A solar-powered installation by Liter of Light reimagines how light, craft, and collective action shape cultural and climate futures.
On the evening of July 1, 2025, the grounds outside the National Museum of the Philippines lit up with a calm intensity that drew people in. A large-scale installation of solar study lamps—each resting in hand-molded ceramic—depicted two hands clasped together, a rising sun, and the phrase “Brighter Together” glowing across the museum lawn. The installation formed part of a wider effort to distribute 3,500 solar lamps to communities in the country.

This large-scale installation—spearheaded by Liter of Light in collaboration with Sun Life Philippines, the National Museum, and Odangputik Art Space—not only broke a Guinness World Record for the largest solar light art installation; it also reimagined how public space can serve as a site for cultural expression and environmental advocacy.

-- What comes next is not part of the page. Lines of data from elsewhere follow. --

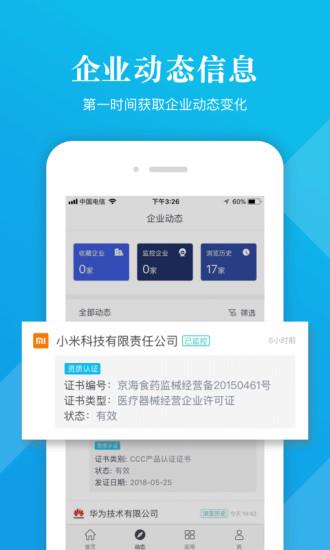 启信宝企业信用查询软件 v3.5.3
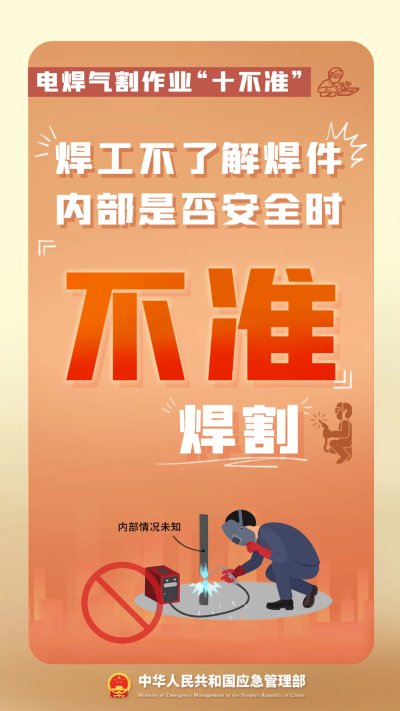 微信图片_2026-07-07_163103_124 微信图片_2026-07-07_163103_124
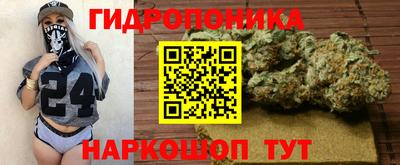 каннабис Татарск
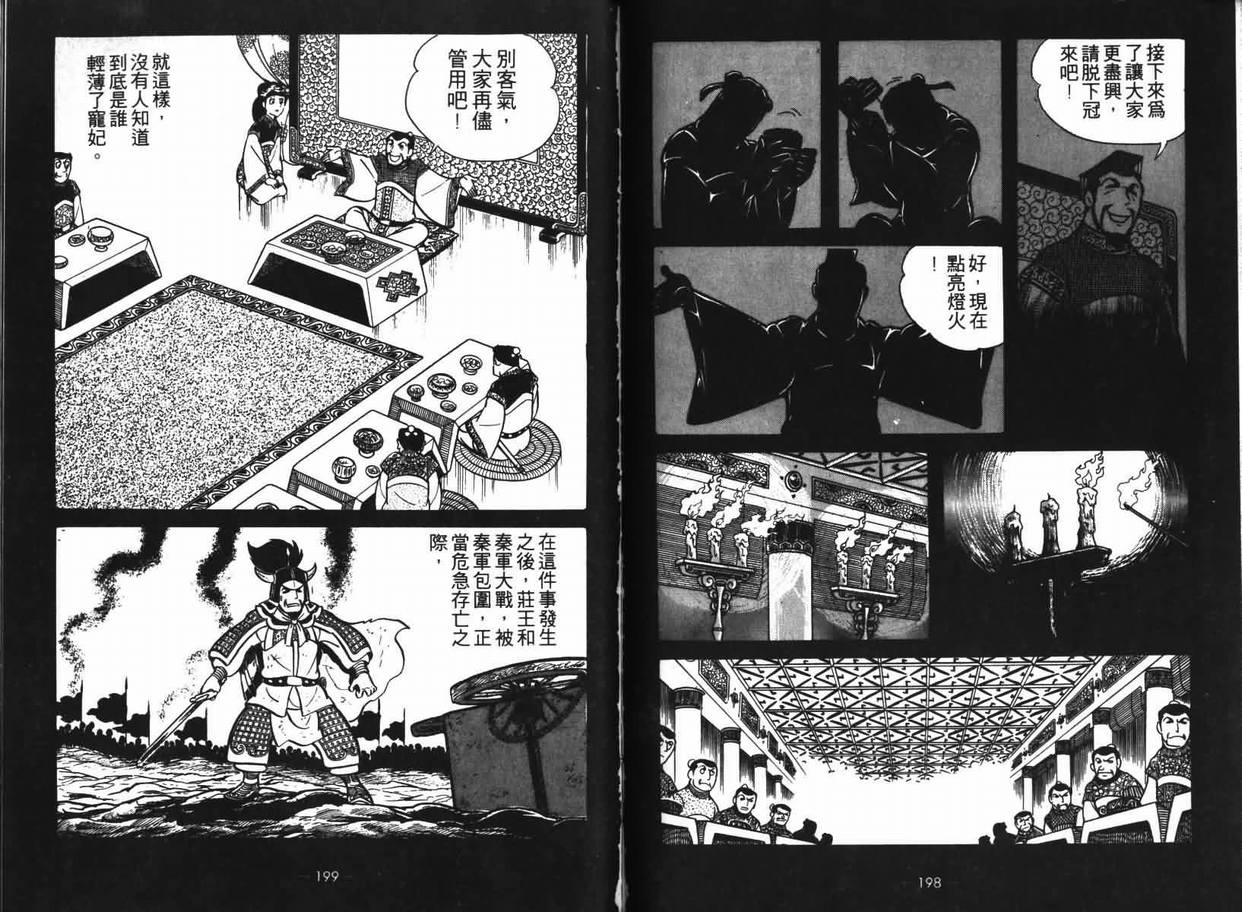 《三国志》漫画最新章节第7卷免费下拉式在线观看章节第【99】张图片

Amidst heavy rains and unpredictable weather, volunteers and collaborators came together—mounting each light by hand, undeterred, and united by purpose.


More than a record-breaking feat, “Circle of Light” became a shared lens—fusing sustainability with community storytelling. For Jorell Legaspi, Deputy Director-General for Museums at the National Museum of the Philippines, the project reveals the evolving role of institutions in civic life.
“’Circle of Light’ invites community participation and sustainable thinking,” he explained. “It expands our understanding and appreciation of cultural preservation, and supports the idea that heritage is not only what we inherit. Creative expression may also be a shared experience, in which artists serve as teachers or facilitators.”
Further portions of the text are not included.